+++ AVAILABLE DATA

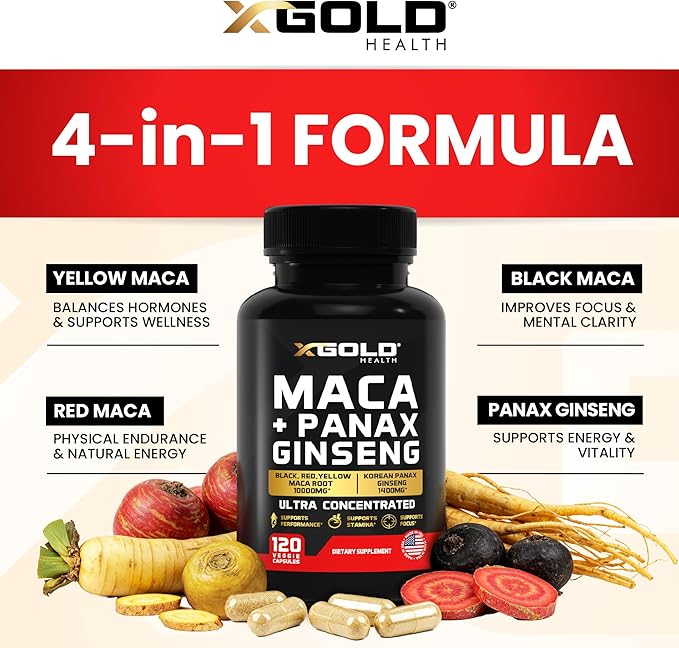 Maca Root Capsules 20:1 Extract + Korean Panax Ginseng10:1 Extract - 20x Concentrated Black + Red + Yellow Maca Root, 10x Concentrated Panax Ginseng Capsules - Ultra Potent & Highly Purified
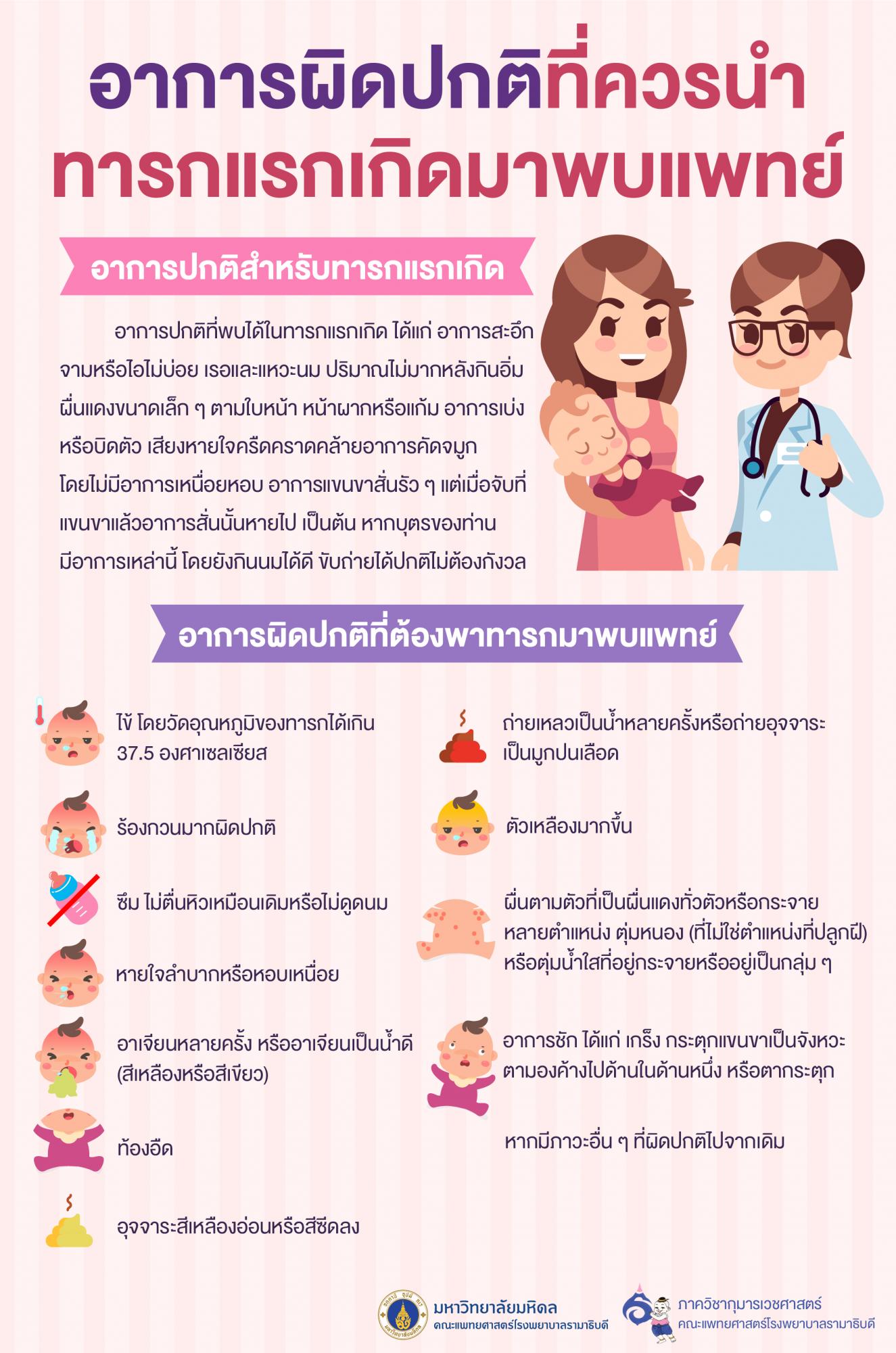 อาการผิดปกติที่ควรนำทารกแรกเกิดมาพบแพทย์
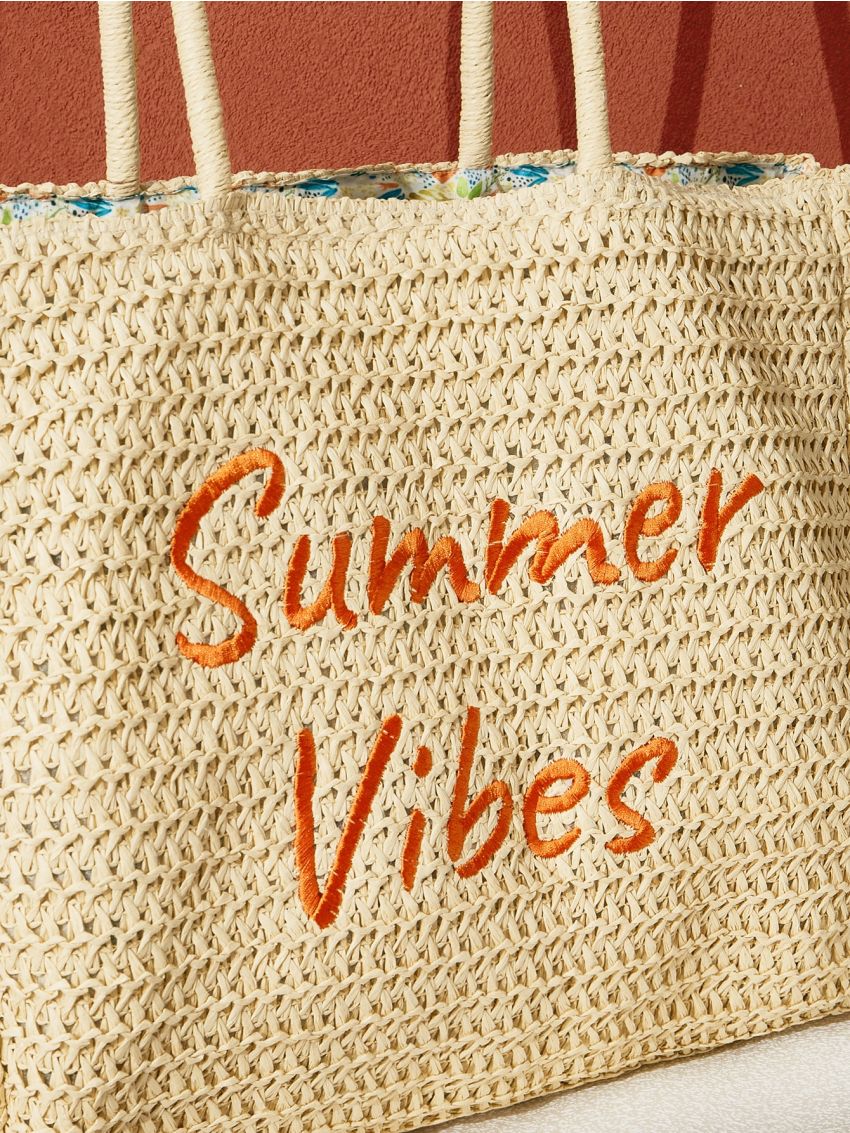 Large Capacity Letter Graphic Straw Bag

++++++
+++ AVAILABLE DATA

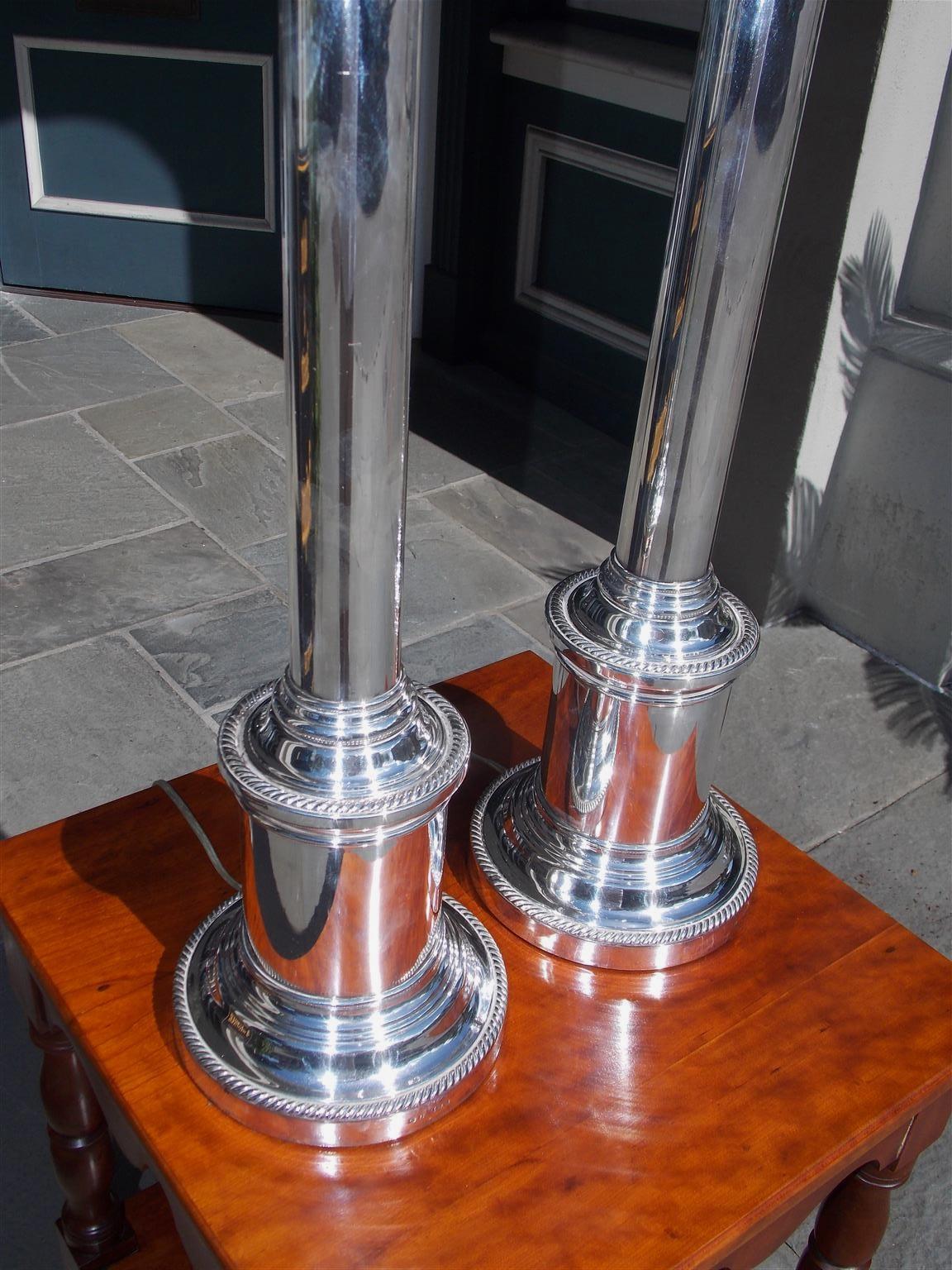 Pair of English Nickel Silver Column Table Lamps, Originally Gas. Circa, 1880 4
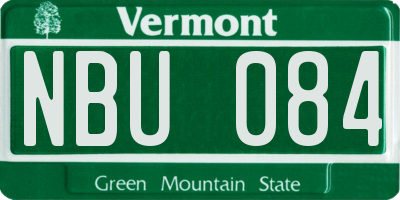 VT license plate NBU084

++++++

**TASK STATEMENT**. Exactly the lines above from the one that contains "Pair of English" down to the one that contains "VT license plate NBU084" are to be output, both ends kept and pictures omitted.

**TASK RESULT**.
 Pair of English Nickel Silver Column Table Lamps, Originally Gas. Circa, 1880 4
 VT license plate NBU084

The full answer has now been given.